Start of Available data

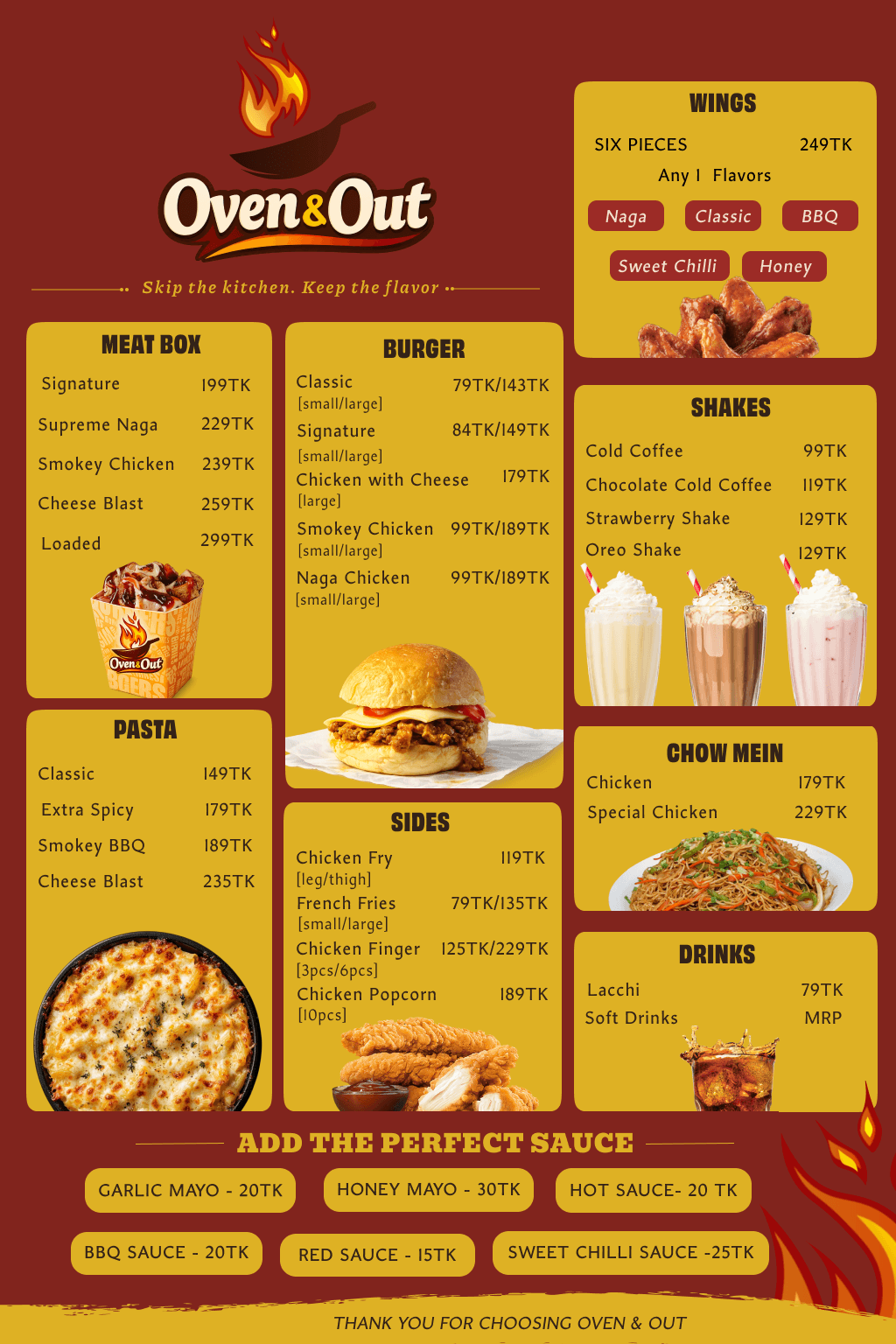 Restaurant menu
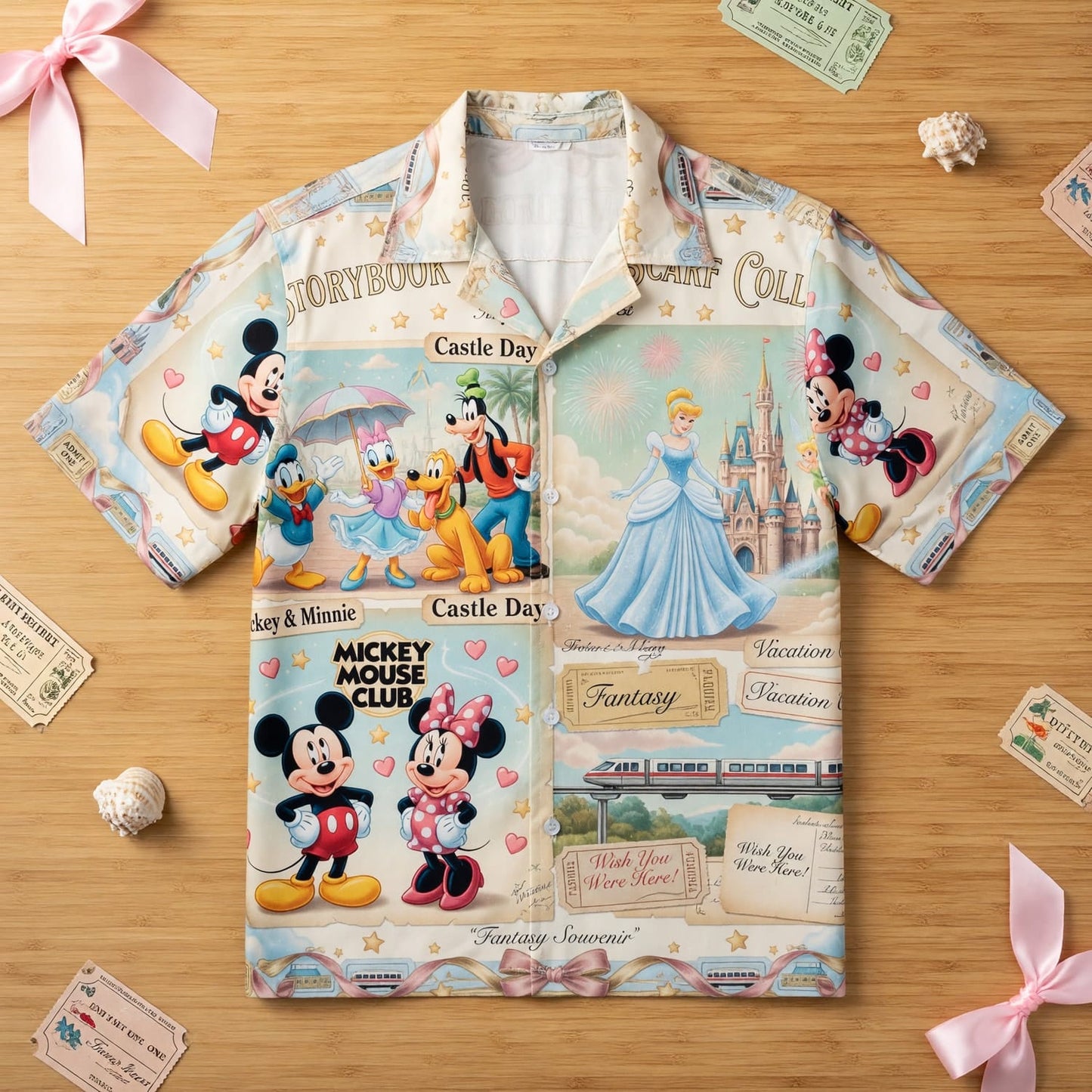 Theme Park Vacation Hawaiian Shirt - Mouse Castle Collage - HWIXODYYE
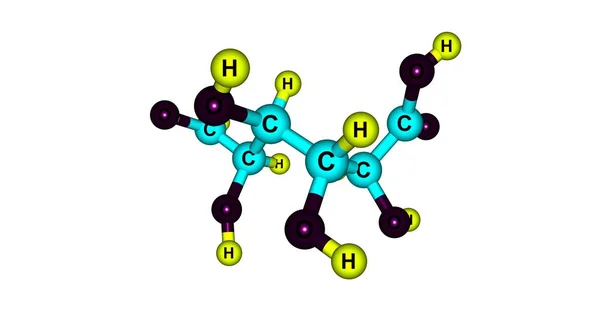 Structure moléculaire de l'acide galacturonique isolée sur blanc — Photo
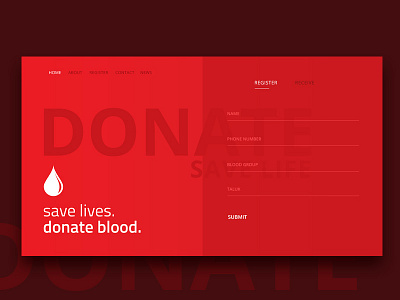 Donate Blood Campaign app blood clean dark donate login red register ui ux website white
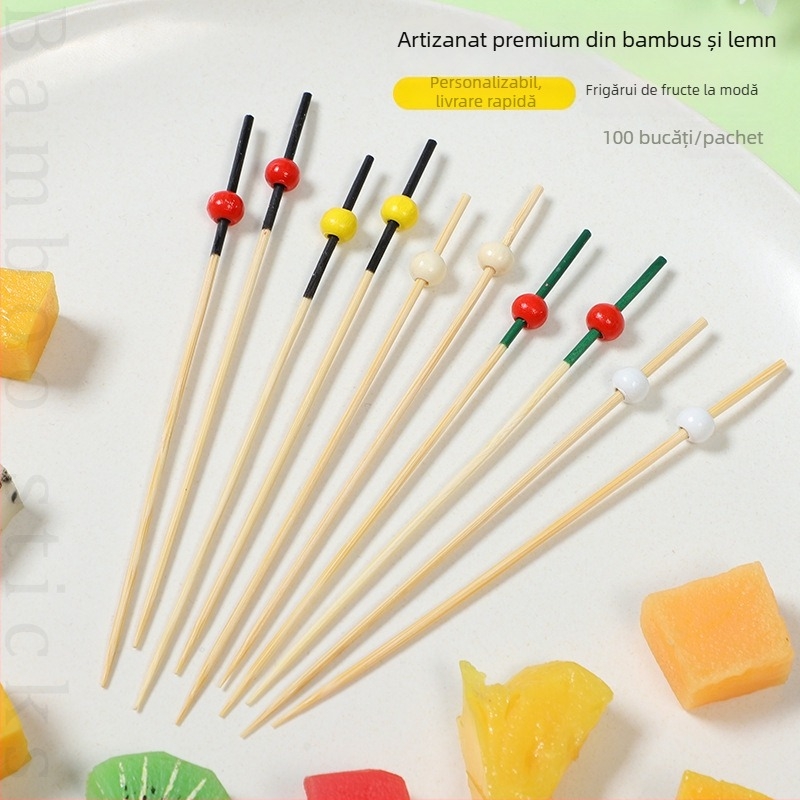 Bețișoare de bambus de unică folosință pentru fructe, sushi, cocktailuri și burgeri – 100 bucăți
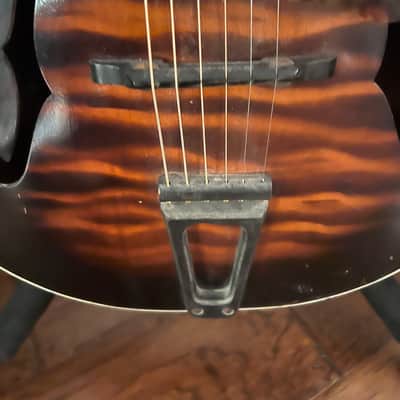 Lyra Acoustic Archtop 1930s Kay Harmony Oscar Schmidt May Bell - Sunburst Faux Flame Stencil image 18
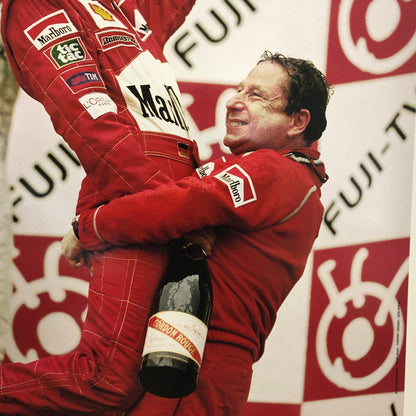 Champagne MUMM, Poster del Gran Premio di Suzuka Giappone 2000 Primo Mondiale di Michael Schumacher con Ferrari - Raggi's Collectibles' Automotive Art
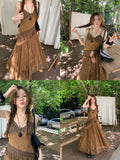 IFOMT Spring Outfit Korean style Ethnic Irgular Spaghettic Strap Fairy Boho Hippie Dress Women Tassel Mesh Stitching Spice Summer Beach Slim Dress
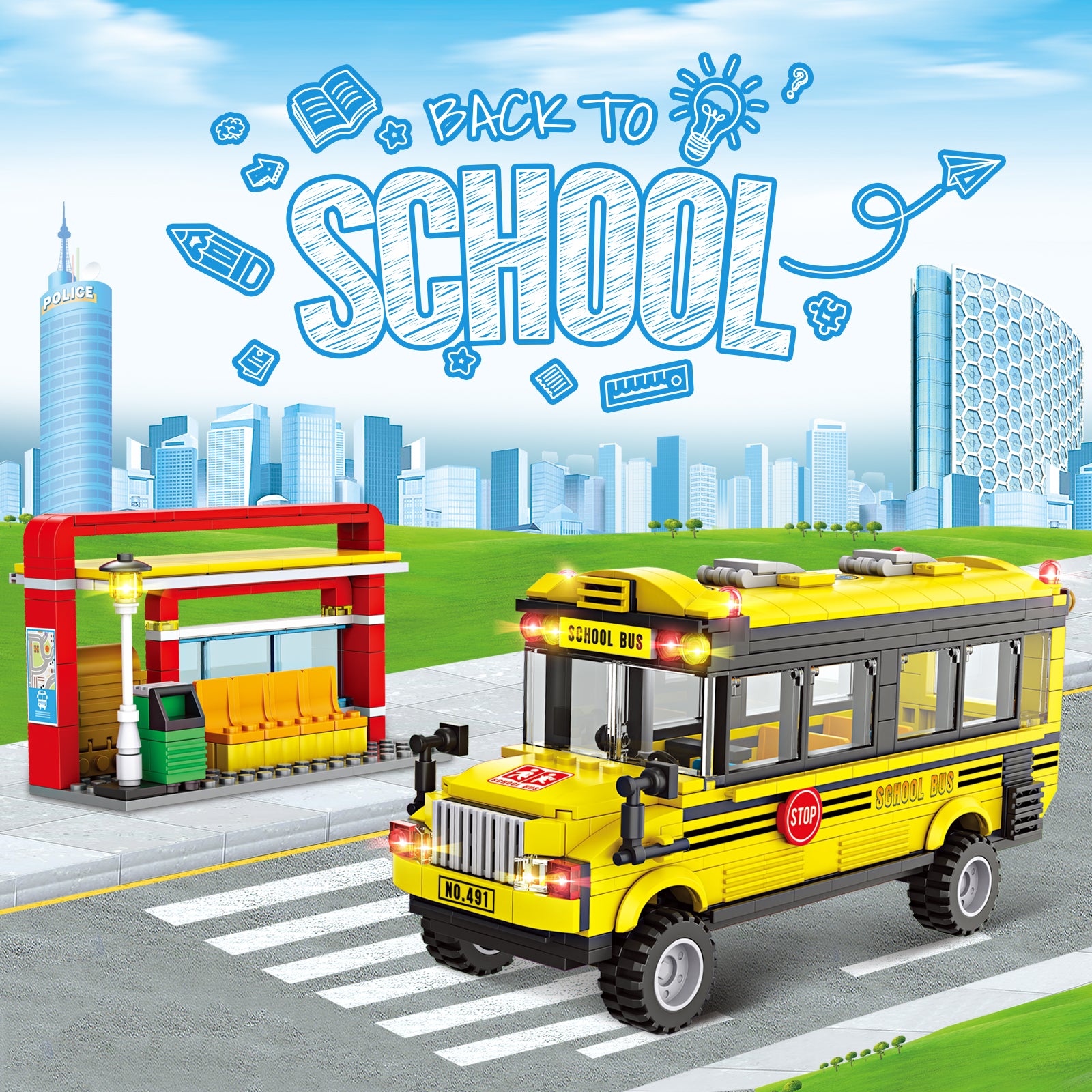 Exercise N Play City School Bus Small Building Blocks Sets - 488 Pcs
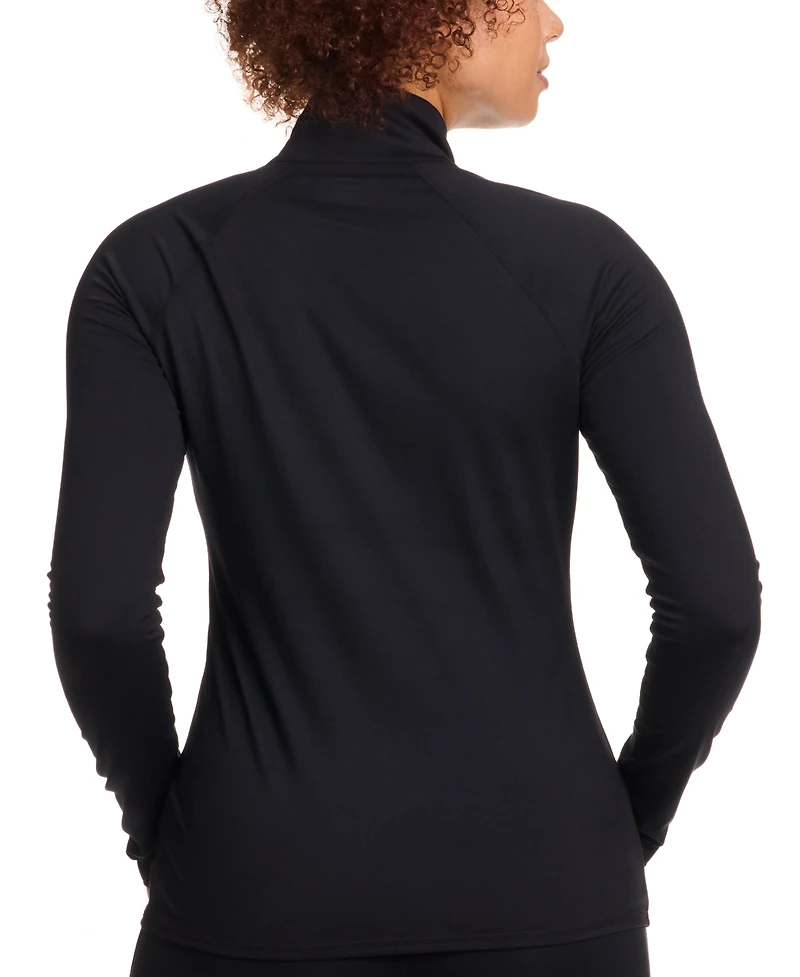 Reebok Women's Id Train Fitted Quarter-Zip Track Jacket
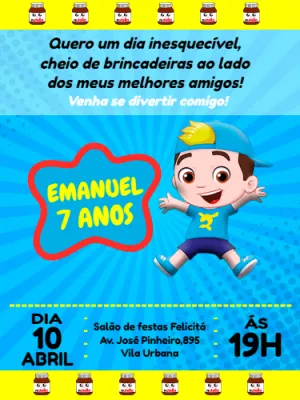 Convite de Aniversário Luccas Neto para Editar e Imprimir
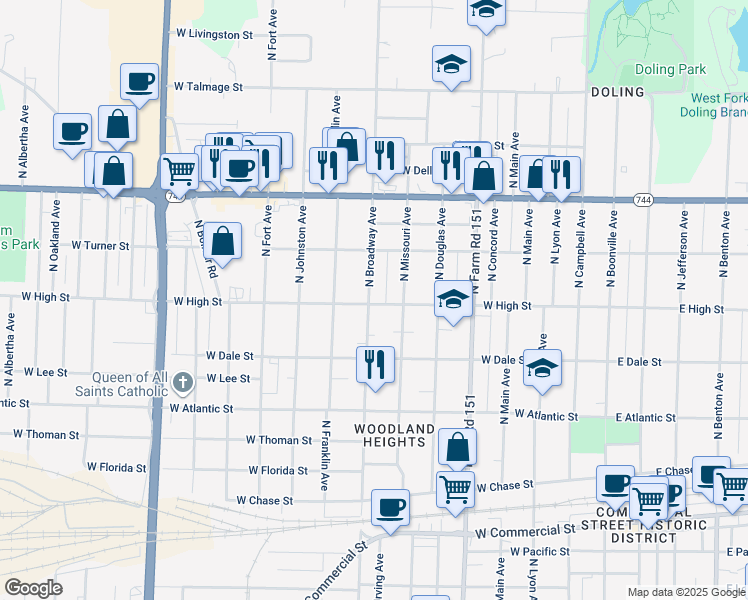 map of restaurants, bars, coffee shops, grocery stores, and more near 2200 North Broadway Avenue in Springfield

End of Available data

Activity: In your copy, the listing above should appear word for word, with no images.

Task answer:
 Restaurant menu
 Theme Park Vacation Hawaiian Shirt - Mouse Castle Collage - HWIXODYYE
 Structure moléculaire de l'acide galacturonique isolée sur blanc — Photo
 Donate Blood Campaign app blood clean dark donate login red register ui ux website white
 Bețișoare de bambus de unică folosință pentru fructe, sushi, cocktailuri și burgeri – 100 bucăți
 Lyra Acoustic Archtop 1930s Kay Harmony Oscar Schmidt May Bell - Sunburst Faux Flame Stencil image 18
 Champagne MUMM, Poster del Gran Premio di Suzuka Giappone 2000 Primo Mondiale di Michael Schumacher con Ferrari - Raggi's Collectibles' Automotive Art
 IFOMT Spring Outfit Korean style Ethnic Irgular Spaghettic Strap Fairy Boho Hippie Dress Women Tassel Mesh Stitching Spice Summer Beach Slim Dress
 Exercise N Play City School Bus Small Building Blocks Sets - 488 Pcs
 Reebok Women's Id Train Fitted Quarter-Zip Track Jacket
 Convite de Aniversário Luccas Neto para Editar e Imprimir
 map of restaurants, bars, coffee shops, grocery stores, and more near 2200 North Broadway Avenue in Springfield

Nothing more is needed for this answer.